Many students have at least a part-time job, but few are working in their field of choice. I've yet to meet an Outlet Mall employee who envisions keeping that job for the long-term. Instead, those jobs help cover rent and food and allow for some fun, but they are stepping-stones toward the ultimate prize of a career.
I've spent a lot of time thinking about careers lately, now that I'm privileged to teach the University Seminar course here at Texas State. A very helpful part of the Seminar is activities involving the PACE (Personalized Academic and Career Exploration) Center. Students are given resources with which to explore their interests and abilities and then develop a career plan based on the results. For some students, the experience has been an eye-opener. They came to college thinking they might try a career in business or in education, only to discover that they really should explore engineering or mass communication.
Obviously, a state university wouldn't use this language, but what students are discovering through the PACE process is what Christians call their vocation, a word derived from the Latin vocare. A job puts food on the table, but a vocation is the work to which God is calling you. It's not always obviously religious work; one's calling may be in business or in design, or even in cobblery. Luther is reported to have once said, "The Christian cobbler does his duty not by putting little crosses on the shoes, but by making the best shoes they can make and selling them at a fair price so their neighbors can have good shoes."
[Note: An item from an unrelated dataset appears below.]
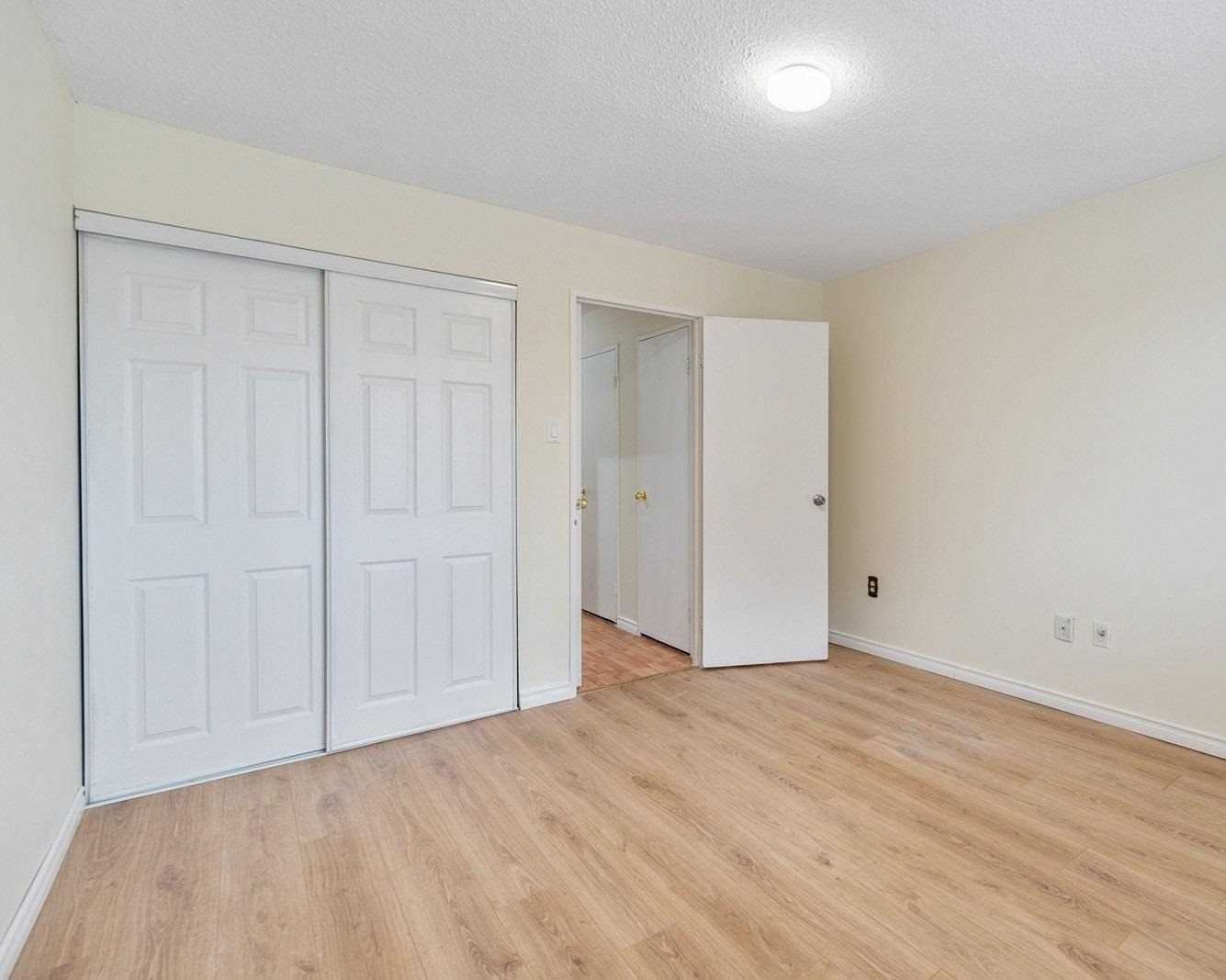 Primary bedroom with double closet doors and laminate flooring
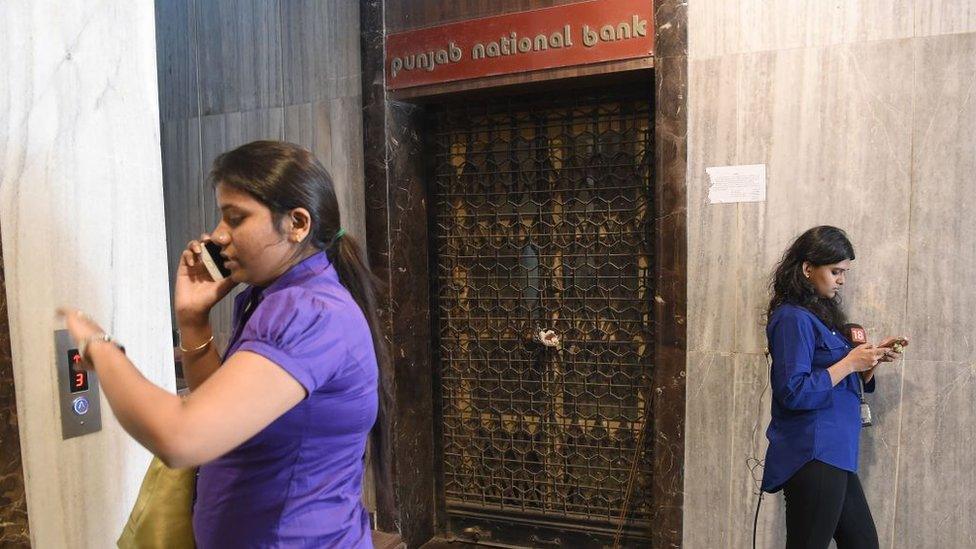 Two women outside closed PNB branch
There is not a major in cobblery at Texas State, but every field of study can be a means by which God works in the world. For in whatever field in which you might major, there will be other people, the neighbors whom all of us are called to love. So study hard and know it will pay off; not always in a paycheck, but in a life well-lived, doing what you love and being a blessing to others. And in the meantime, enjoy your temporary vocation as a student at Texas State.